Houston Rockets general manager Daryl Morey does not live in a fantasy world. He knows the Rockets are bad, that they are underachieving, and he takes full responsibility for their transgressions.
From ESPN.com’s Calvin Watkins:
“It’s been a tough year for everybody, not just me but also [Rockets owner Leslie] Mr. Alexander, the coaches, the players all the way down, the fans,” Morey said. “I think that responsibility lies with everyone and it starts with me.
“It has been a very tough year in terms of a lot of the things we were hoping [to] take us to the next level, didn’t and we also took a step back on top of that, so far. The season is not over but to this point we underperformed from what we did from last season.”
Although Daryl Morey also maintained that he thinks the Rockets are capable of making a deep playoff push now, he personally, on some level, has to be more concerned with the offseason.
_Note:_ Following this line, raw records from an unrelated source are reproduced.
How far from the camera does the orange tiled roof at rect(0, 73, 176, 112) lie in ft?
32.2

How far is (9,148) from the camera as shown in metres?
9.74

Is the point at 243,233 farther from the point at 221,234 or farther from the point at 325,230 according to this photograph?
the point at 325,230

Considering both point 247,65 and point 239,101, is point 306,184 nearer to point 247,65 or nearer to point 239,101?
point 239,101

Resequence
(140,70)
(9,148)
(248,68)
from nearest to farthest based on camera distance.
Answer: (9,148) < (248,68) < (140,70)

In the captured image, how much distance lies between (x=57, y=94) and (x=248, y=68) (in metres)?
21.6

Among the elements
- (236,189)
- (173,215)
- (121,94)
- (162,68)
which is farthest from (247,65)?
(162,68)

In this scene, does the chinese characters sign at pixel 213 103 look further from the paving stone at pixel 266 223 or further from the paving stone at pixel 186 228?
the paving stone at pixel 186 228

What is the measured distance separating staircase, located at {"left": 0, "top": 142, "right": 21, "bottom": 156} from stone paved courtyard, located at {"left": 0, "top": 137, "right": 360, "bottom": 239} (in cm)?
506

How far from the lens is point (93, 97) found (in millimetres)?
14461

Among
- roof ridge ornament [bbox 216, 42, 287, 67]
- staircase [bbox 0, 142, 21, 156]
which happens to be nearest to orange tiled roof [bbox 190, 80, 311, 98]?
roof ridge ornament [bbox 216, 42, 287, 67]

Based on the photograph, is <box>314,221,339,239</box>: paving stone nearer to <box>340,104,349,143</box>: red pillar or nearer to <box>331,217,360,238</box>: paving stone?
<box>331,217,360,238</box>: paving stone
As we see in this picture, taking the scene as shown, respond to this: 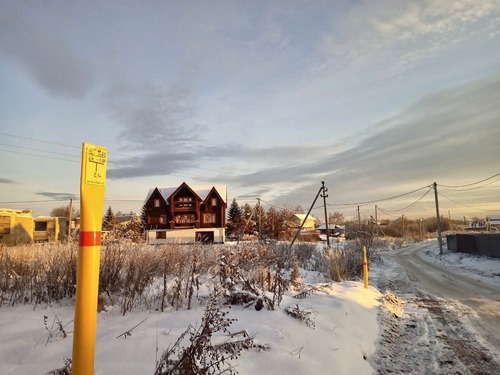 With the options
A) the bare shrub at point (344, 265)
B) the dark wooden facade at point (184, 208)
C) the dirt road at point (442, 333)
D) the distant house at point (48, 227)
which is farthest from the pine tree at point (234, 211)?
the dirt road at point (442, 333)

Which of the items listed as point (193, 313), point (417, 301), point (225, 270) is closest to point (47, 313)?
point (193, 313)

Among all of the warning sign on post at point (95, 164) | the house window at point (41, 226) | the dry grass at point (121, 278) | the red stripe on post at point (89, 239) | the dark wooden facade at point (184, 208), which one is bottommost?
the dry grass at point (121, 278)

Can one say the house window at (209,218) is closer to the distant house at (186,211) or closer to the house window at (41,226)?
the distant house at (186,211)

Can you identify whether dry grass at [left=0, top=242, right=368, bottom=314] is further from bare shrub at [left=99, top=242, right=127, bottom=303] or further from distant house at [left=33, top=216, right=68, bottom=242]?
distant house at [left=33, top=216, right=68, bottom=242]

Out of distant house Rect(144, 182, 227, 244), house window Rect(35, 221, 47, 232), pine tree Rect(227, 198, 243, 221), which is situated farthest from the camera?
pine tree Rect(227, 198, 243, 221)

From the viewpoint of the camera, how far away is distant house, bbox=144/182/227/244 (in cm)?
4831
Dwight Howard will be a free agent and appears to be on his way out of Houston. Terrence Jones and Donatas Motiejunas will be restricted free agents, and it seems unlikely that both will be back in town next season. The Rockets could be working off a sub-.500 season in which they get bounced from the first round of the playoffs or miss the postseason entirely. They will need to hire a new coach and upgrade the roster.
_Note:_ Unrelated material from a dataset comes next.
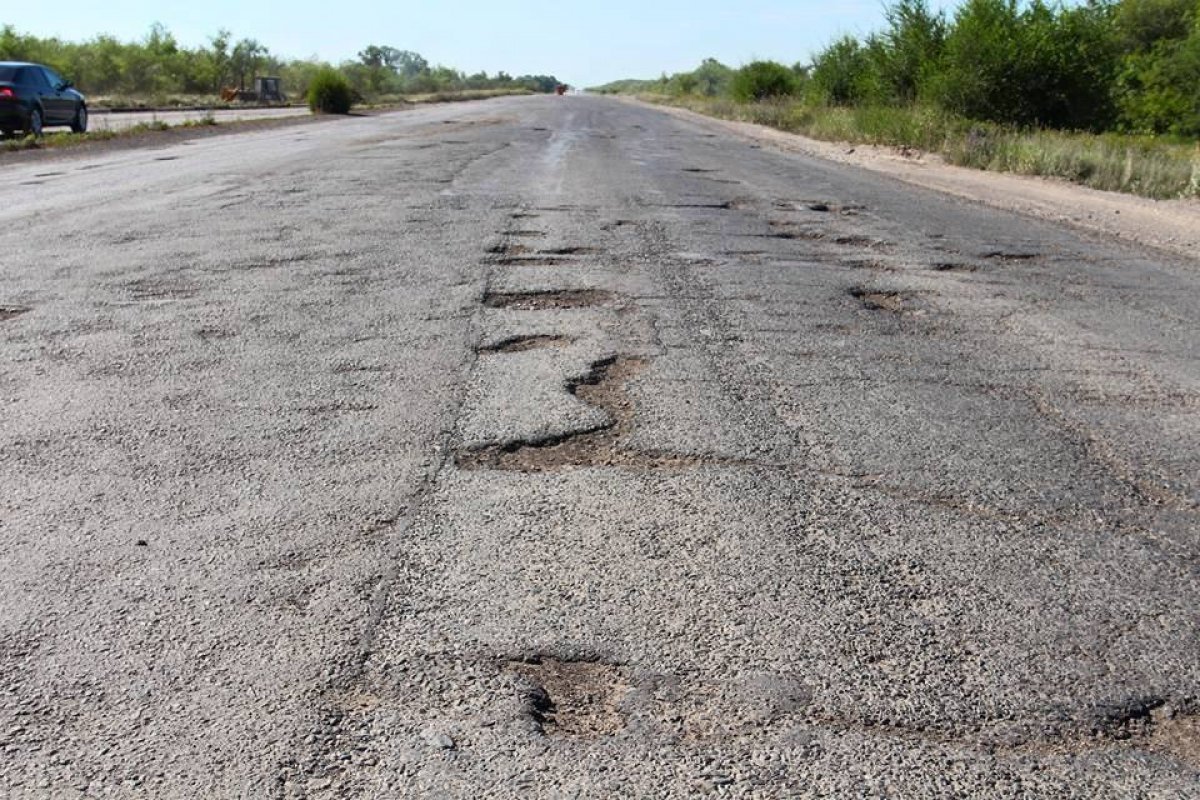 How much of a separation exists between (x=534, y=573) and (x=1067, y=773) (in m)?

That’s quite the checklist. It’s made easier by the NBA’s salary cap boom, which will give the Rockets, along with most other teams, a ton of flexibility to make high-impact additions to the roster.
But if the Rockets cannot snare two big names, or if they cannot put together a team, led by a coach, that puts adequate distance between them and this season’s letdown, it could be Daryl Morey who becomes collateral damage of Houston’s unexpected descent.